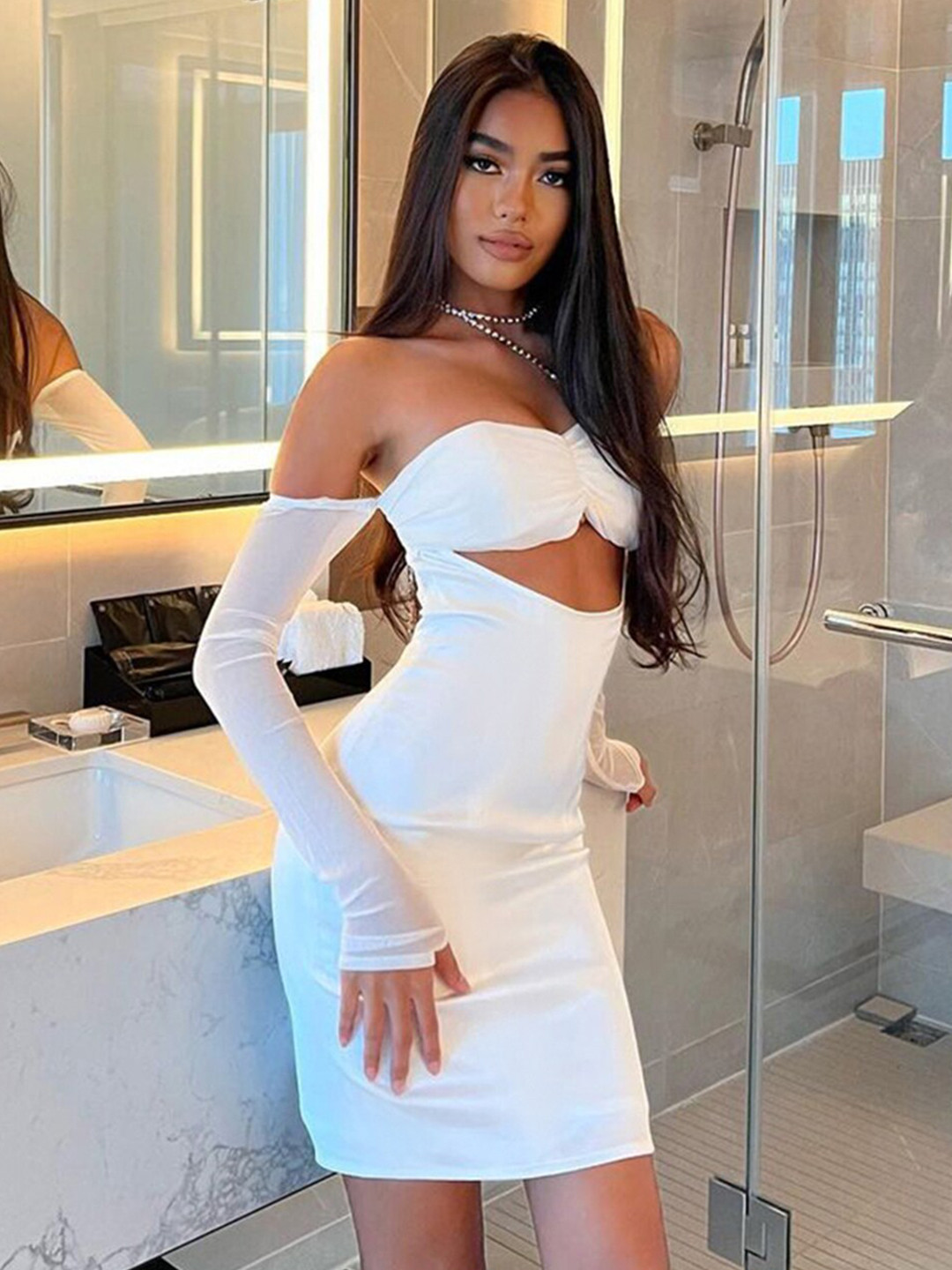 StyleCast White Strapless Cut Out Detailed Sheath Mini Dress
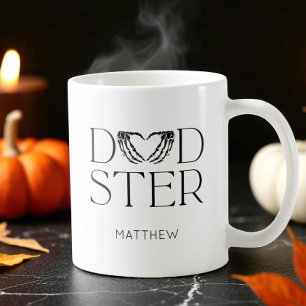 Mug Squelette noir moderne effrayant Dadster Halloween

================

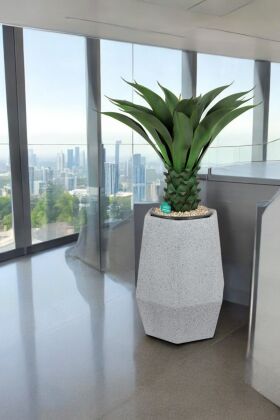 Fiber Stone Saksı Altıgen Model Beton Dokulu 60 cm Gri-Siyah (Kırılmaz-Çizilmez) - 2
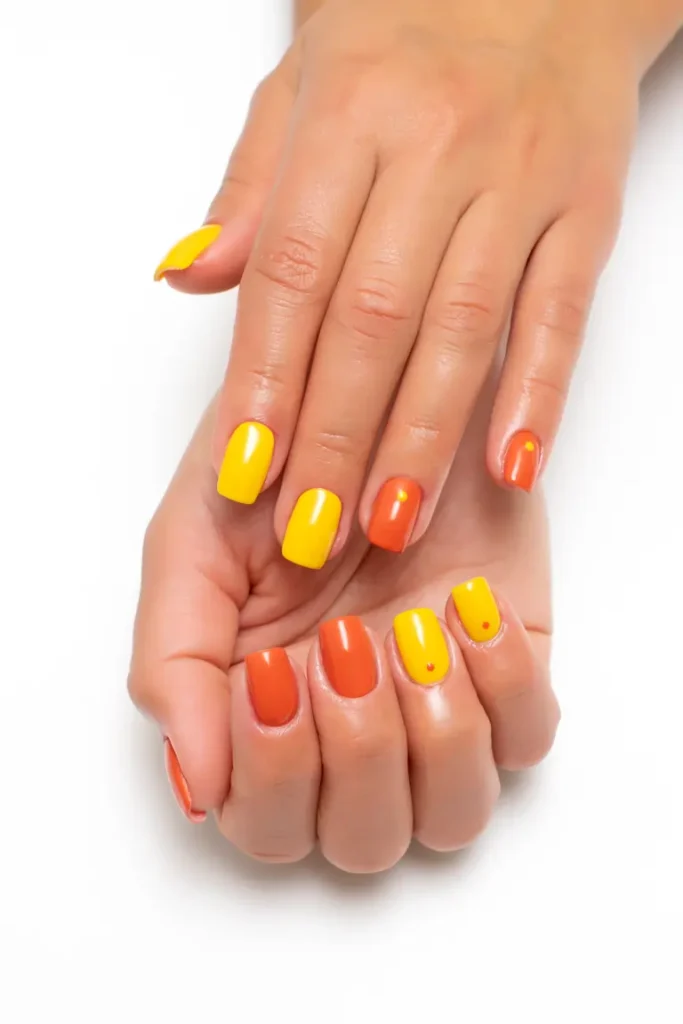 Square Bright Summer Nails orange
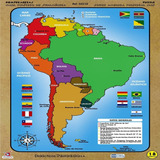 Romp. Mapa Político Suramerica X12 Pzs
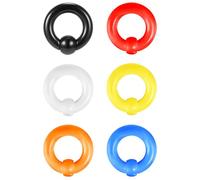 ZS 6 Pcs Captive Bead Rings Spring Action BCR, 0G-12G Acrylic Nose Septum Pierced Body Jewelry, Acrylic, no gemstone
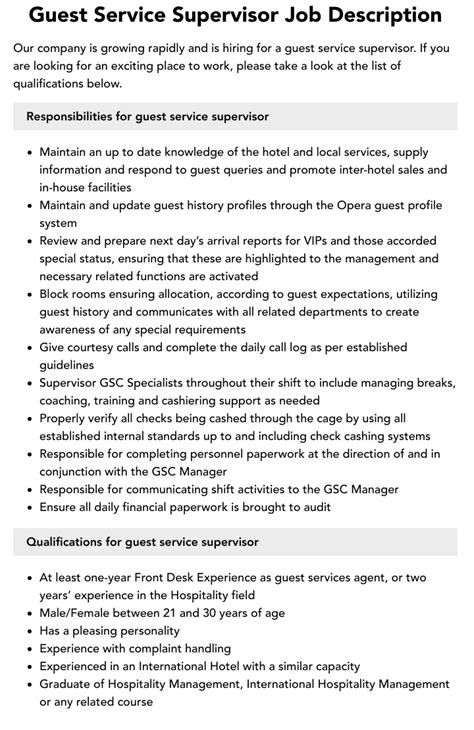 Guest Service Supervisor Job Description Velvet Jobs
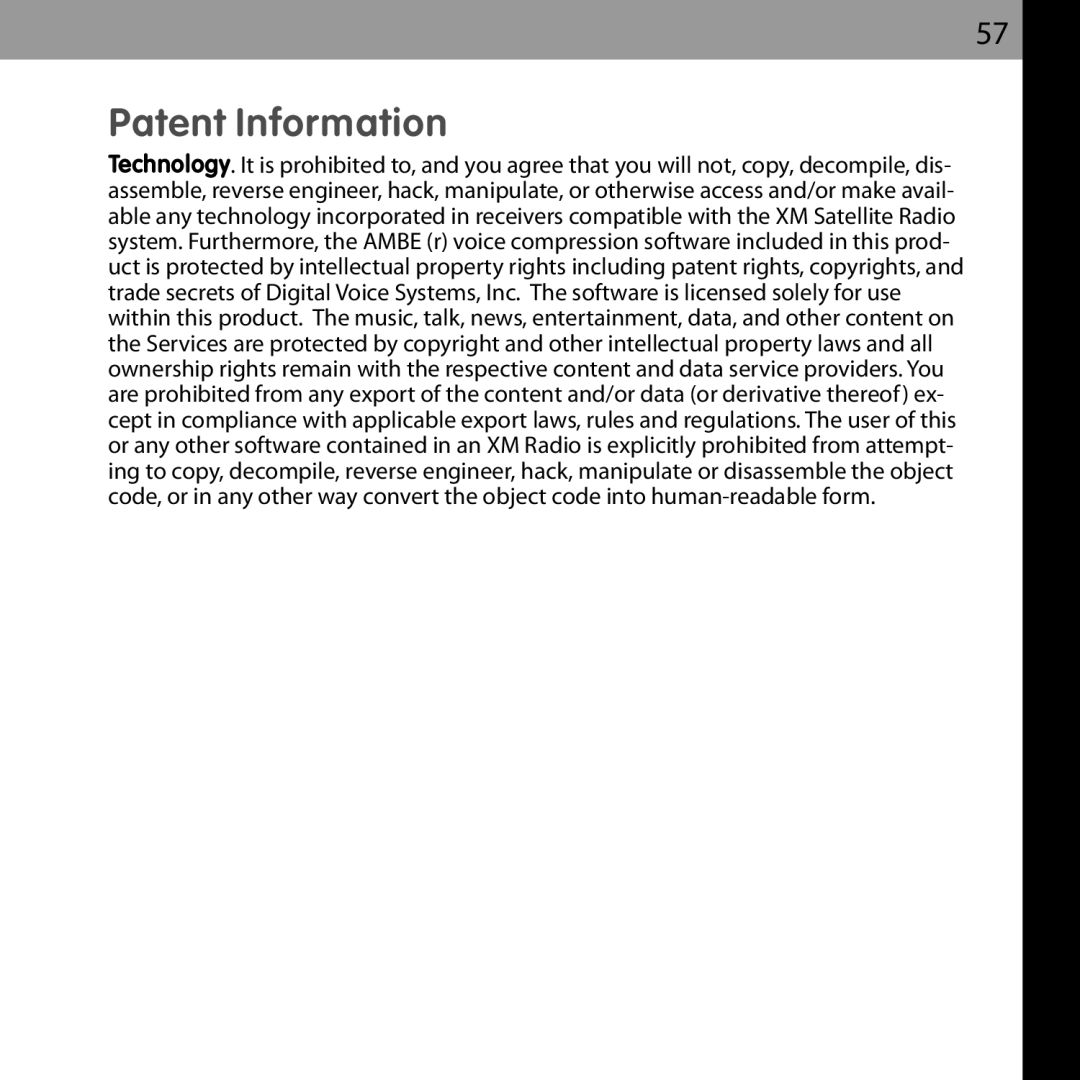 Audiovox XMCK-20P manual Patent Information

================

Within the listing above, extract exactly the lines that run from the one containing "ZS 6 Pcs Captive" through the one containing "Audiovox XMCK-20P manual Patent Information", excluding any pictures.

■ Solution for this exercise:
 ZS 6 Pcs Captive Bead Rings Spring Action BCR, 0G-12G Acrylic Nose Septum Pierced Body Jewelry, Acrylic, no gemstone
 Guest Service Supervisor Job Description Velvet Jobs
 Audiovox XMCK-20P manual Patent Information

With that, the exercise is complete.